Delirium update: “I couldn’t talk I was lost in the forest, but now I am back”
I went to see Granny again on Saturday. The delirium is improving but she is clearly frail and unlikely to get better and she’s now comfortably receiving palliative care in a nice nursing home, complete with an anticipatory care plan with appropriate medications. The palliative care nurse specialist and GP have been out. After a week of frankly awful (but strangely enjoyable) nights as the Med Reg I booked myself onto the first flight to Gatwick. This time I took the train to Reigate and a short walk to her nursing home.
She looked much the same, still with oxygen, but in her own bed in a nursing home with a view of the garden. The oxygen concentration dominated the room and hummed away in a corner.

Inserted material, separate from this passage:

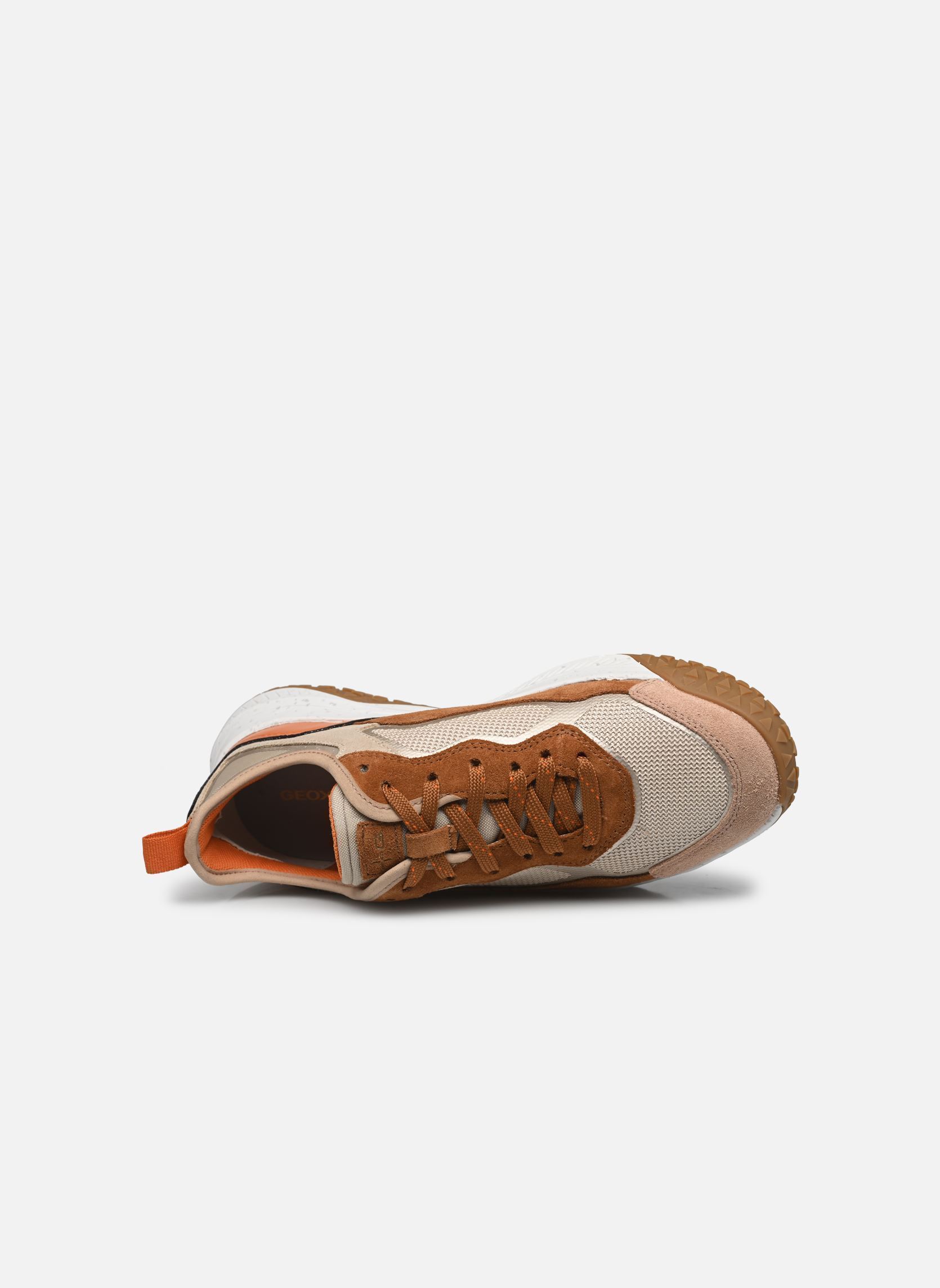 Sneakers D OLIVIERA + GRIP dames beige Geox Sneakers D OLIVIERA + GRIP dames beige LT TAUPE/COGNAC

She recognized me ‘I’ve wanted to see you, I couldn’t talk last week, they had my teeth, I don’t know why they took my teeth’. My heart leapt — had the delrium resolved especially for me? ‘I went for a walk in the woods, I was silly, and I got lost’. No it hadn’t, she has been using a wheelchair for the last 8 years.
‘Granny you had delirium, it’s very common when you are ill, we’re doing some research into it at work, my boss has a grant to devise a new test….’
‘Anyway I wanted to see you,’ She apologized for something she said to me in my early 20s (something too personal to say publicly).
That was the lucid moment. Then she slipped back away from me. She held my hand, asked me not to leave her. She was better from the week before, she was speaking in sentences, and a few of them made sense. She asked when Jim (her late husband) was and then said ‘no, I know he’s dead’. Some days all she will say is that she wants to die. We managed to get her to eat some food, but then she coughed again.
I sat with her for hours, whilst I was with her she wouldn’t let go of my hand.She wouldn't let me read.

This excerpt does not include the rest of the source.